When I check the logs, I find the following:
2019/11/11 11:53:32 [crit] 19#19: *3 connect() to unix:/tmp/gunicorn.sock >failed (2: No such file or directory) while connecting to upstream, client: >10.32.0.4, server: , request: "GET /ping HTTP/1.1", upstream: >"http://unix:/tmp/gunicorn.sock:/ping", host: "model.aws.local:8080"
and
Traceback (most recent call last): File "/usr/local/bin/serve", line 8, in sys.exit(main()) File "/usr/local/lib/python2.7/dist->packages/sagemaker_containers/cli/serve.py", line 19, in main server.start(env.ServingEnv().framework_module) File "/usr/local/lib/python2.7/dist->packages/sagemaker_containers/_server.py", line 107, in start module_app, File "/usr/lib/python2.7/subprocess.py", line 711, in init errread, errwrite) File "/usr/lib/python2.7/subprocess.py", line 1343, in _execute_child raise child_exception
I tried to deploy the same model in AWS Sagemaker with these files in my local computer and the model was deployed successfully but inside AWS, I am facing this problem.
Here is my serve file code:
from __future__ import print_function
import multiprocessing
import os
import signal
import subprocess
import sys
cpu_count = multiprocessing.cpu_count()
model_server_timeout = os.environ.get('MODEL_SERVER_TIMEOUT', 60)
model_server_workers = int(os.environ.get('MODEL_SERVER_WORKERS', cpu_count))
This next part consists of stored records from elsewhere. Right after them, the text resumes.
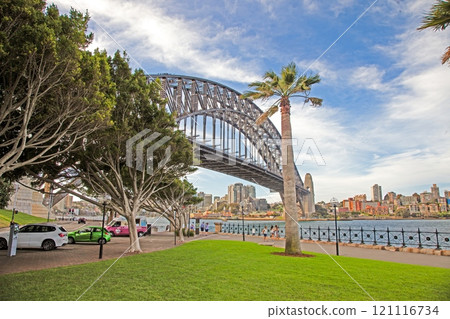 Sydney Harbour Bridge captured from an iconic perspective with water and cloudy skies Sydney Harbour Bridge captured from an iconic perspective with water and cloudy skies 121116734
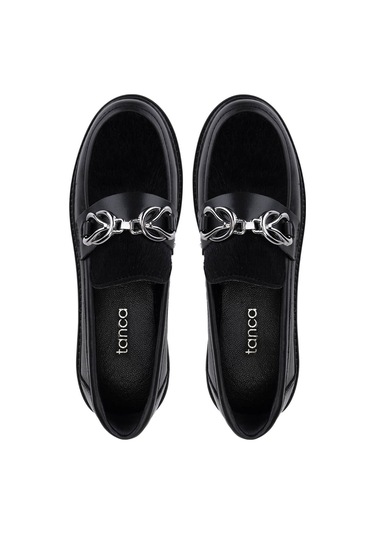 Tamer Tanca Kadın Deri & Tekstil Siyah Loafer Ayakkabı 817 9876 Bn Ayk Sk25-26 Syh Dr/tay Prlk Dr Siyah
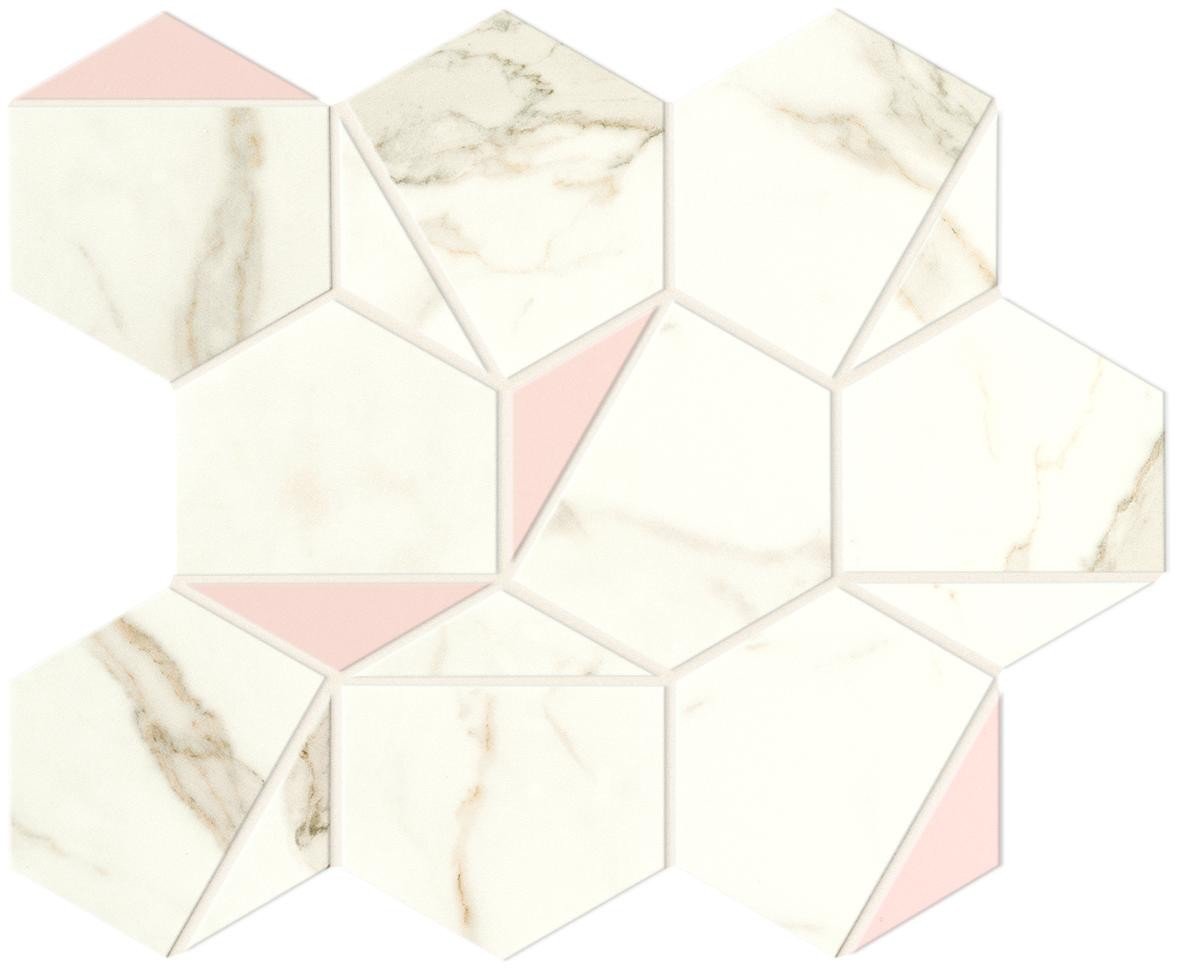 MarvelShine Calacatta Prestigio Rose Hex 25.1x29 Silk Bathroom Tiles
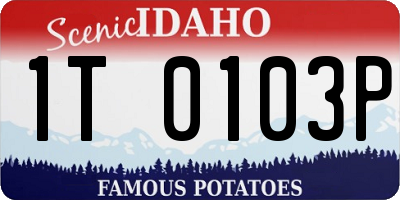 ID license plate 1T0103P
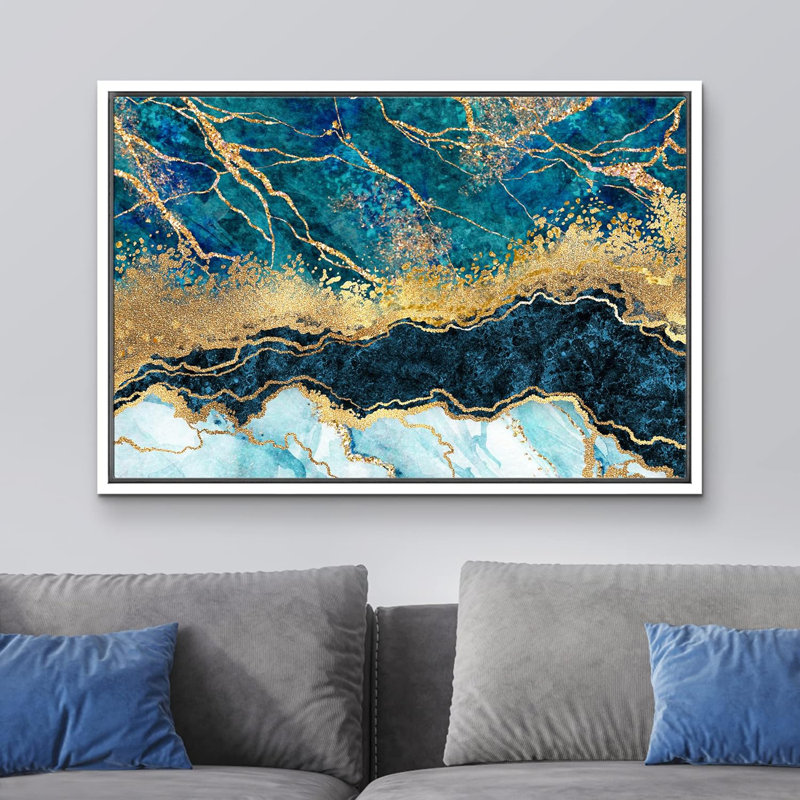 Or et sarcelle marbré foncé, paysage abstrait, formes modernes, sur toile, H 16 po x l 24 po x P 1,5 po, Cadre flottant blanc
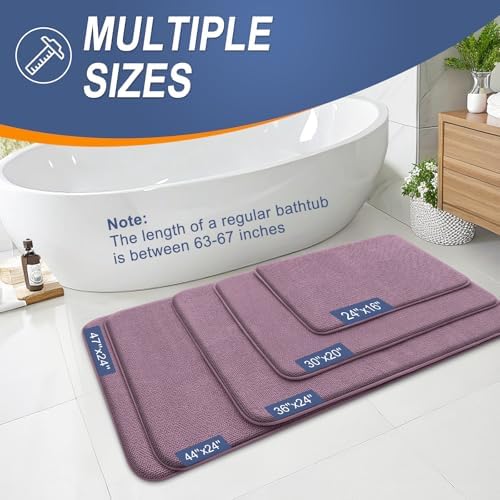 OLANLY Memory Foam Bathroom Runner Rug 70x24, Absorbent Long Mat, Deep Plum - Image 5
def sigterm_handler(nginx_pid, gunicorn_pid):
try:
os.kill(nginx_pid, signal.SIGQUIT)
except OSError:
pass
try:
os.kill(gunicorn_pid, signal.SIGTERM)
except OSError:
pass
sys.exit(0)
def start_server():
print('Starting the inference server with {} workers.'.format(model_server_workers))
# link the log streams to stdout/err so they will be logged to the container logs
subprocess.check_call(['ln', '-sf', '/dev/stdout', '/var/log/nginx/access.log'])
subprocess.check_call(['ln', '-sf', '/dev/stderr', '/var/log/nginx/error.log'])
nginx = subprocess.Popen(['nginx', '-c', '/opt/ml/code/nginx.conf'])
gunicorn = subprocess.Popen(['gunicorn',
'--timeout', str(model_server_timeout),
'-b', 'unix:/tmp/gunicorn.sock',
'-w', str(model_server_workers),
'wsgi:app'])
signal.signal(signal.SIGTERM, lambda a, b: sigterm_handler(nginx.pid, gunicorn.pid))
# If either subprocess exits, so do we.
pids = set([nginx.pid, gunicorn.pid])
while True:
pid, _ = os.wait()
if pid in pids:
break
sigterm_handler(nginx.pid, gunicorn.pid)
print('Inference server exiting')
# The main routine just invokes the start function.
if __name__ == '__main__':
start_server()
I deploy the model using the following:
predictor = classifier.deploy(1, 'ml.t2.medium', serializer=csv_serializer)
Kindly let me know the mistake I am doing while deploying.